PDA

View Full Version : Two local U.S. Marines and longtime friends are glad to be back home



thedrifter
05-02-07, 06:43 AM
Two local U.S. Marines and longtime friends are glad to be back home in Rutherford County after serving nine months in Iraq.
Daily News Journal

Jake Taylor and Nick Persinger, both 21-year-old lance corporals, returned to Tennessee Saturday.

The two have known each other since they were 6 or 7. They attended Central Middle School together and graduated from Oakland High School in 2004.

"Nick was with me every single day," Taylor said. "It makes a difference. You know that your best friend is standing right beside you."

The Marines are members of the Marine Forces Reserve's Third Battalion, 24th Marine Regiment, Fourth Marine Division. Lance Cpl. Oketa Ojok, another longtime friend and classmate of the two, also served with them in Iraq and returned home Saturday.

Four Marines from their unit died in Iraq — including Staff Sgt. Marc Golczynski, 30, who was killed in action on March 27 in the Al Anbar province — as well as six members of the company and 22 members of the battalion, Taylor said.

Marc Golczynski was born in Georgia, grew up in Lewisburg and lived and worked in Murfreesboro when not stationed abroad.

Golczynski's father, Henry Golczynski, attended Saturday's homecoming and received condolences from other families and Marines.

"He believed in what he was doing and he died doing for his country," Henry Golczynski told WTVF-TV in Nashville.

Taylor and Persinger said they recently attended a memorial service in California in which a Daily News Journal photograph featuring 8-year-old Christian Golczynski accepting the flag at the funeral of his father brought many of the 1,500 Marines to tears.

Taylor said there was fear and grief associated with being in the war, but while on duty he tried to put those thoughts and feelings out of his mind.

"If you get weak or miss a step, you endanger everyone else," he said. "You deal with it on your own terms, try not to think about it."

Progress is being made in Iraq, and the Iraqi Army is comprised of men serious about their duties and their country, Taylor said.

Persinger said he doesn't feel any different after serving in Iraq.

"I'm the same basic guy," Persinger said.

When asked what he had missed most about home, Persinger did not hesitate before saying "beer" but added he had missed his friends and family.

For now the two are glad to be home, where they are safe, don't have to wear uniforms and can relax in the air conditioning.

The two friends said they plan to spend "a while" hanging out before thinking about jobs or school.
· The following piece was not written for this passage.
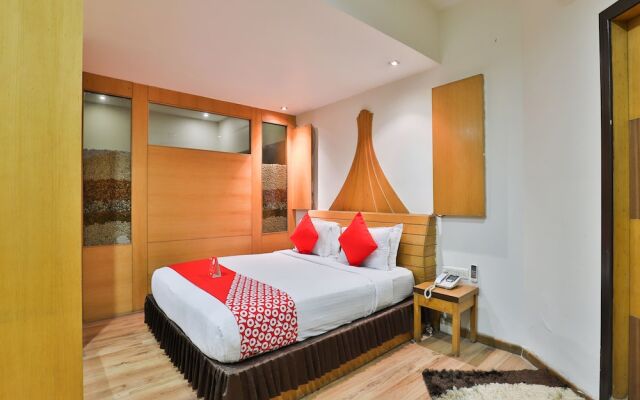 Rock Regency Hotel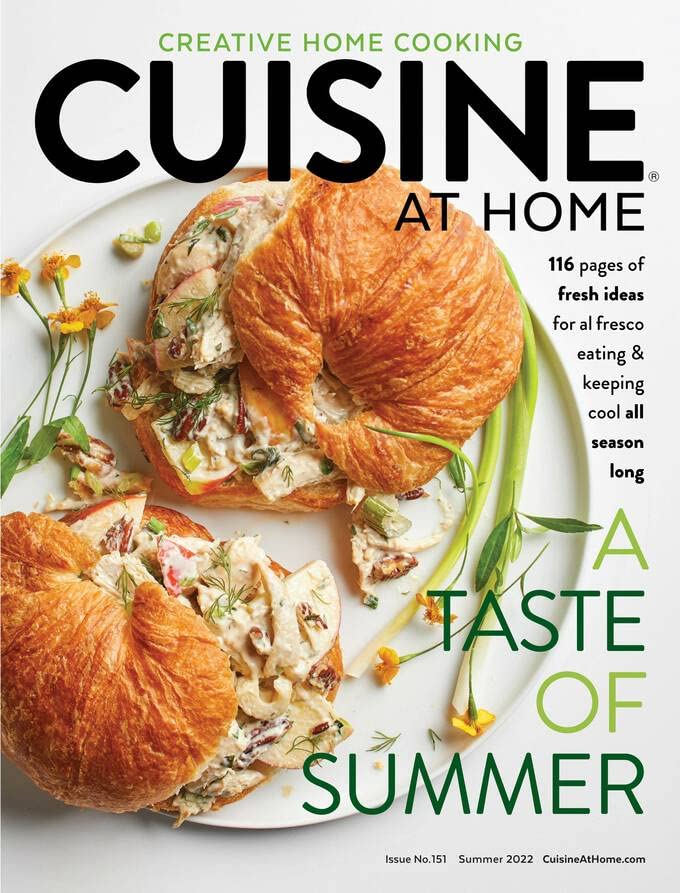 Algopix Similar Product 8 - Cuisine at Home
Taylor said he plans to attend MTSU in the fall, and Persinger said he's going to have to look for a job at some point, but he's putting that off as long as he can.

Taylor's parents said they were excited and relieved to have their son home.
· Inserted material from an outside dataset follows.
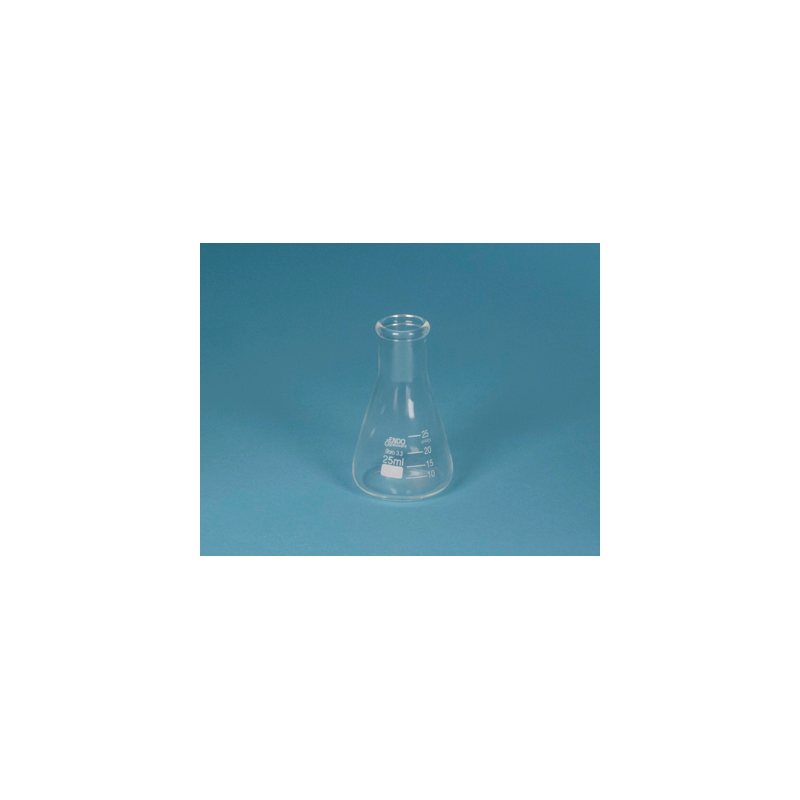 Matraz Erlenmeyer, 3000 mL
"I joked to my son that this is the second time I'd waited for him for nine months and with the same level of anticipation," said his mother, Kathy Taylor.

She said that both her son and Persinger had signed up for the reserves, at least in part, to help pay for college.

Boyd Taylor, the Marine's father, said he was proud of the job his son was doing, regardless of disagreements about how the war began.

"We elected a president who made the decision to go to war, and we've got to support that," Boyd Taylor said. "Political views don't matter. We've made the decision, we're there, so let's support them."

The two Marines have been told they will be deployed again, though that deployment would be at least a year away, Jake Taylor said.

The Associated Press contributed to this article.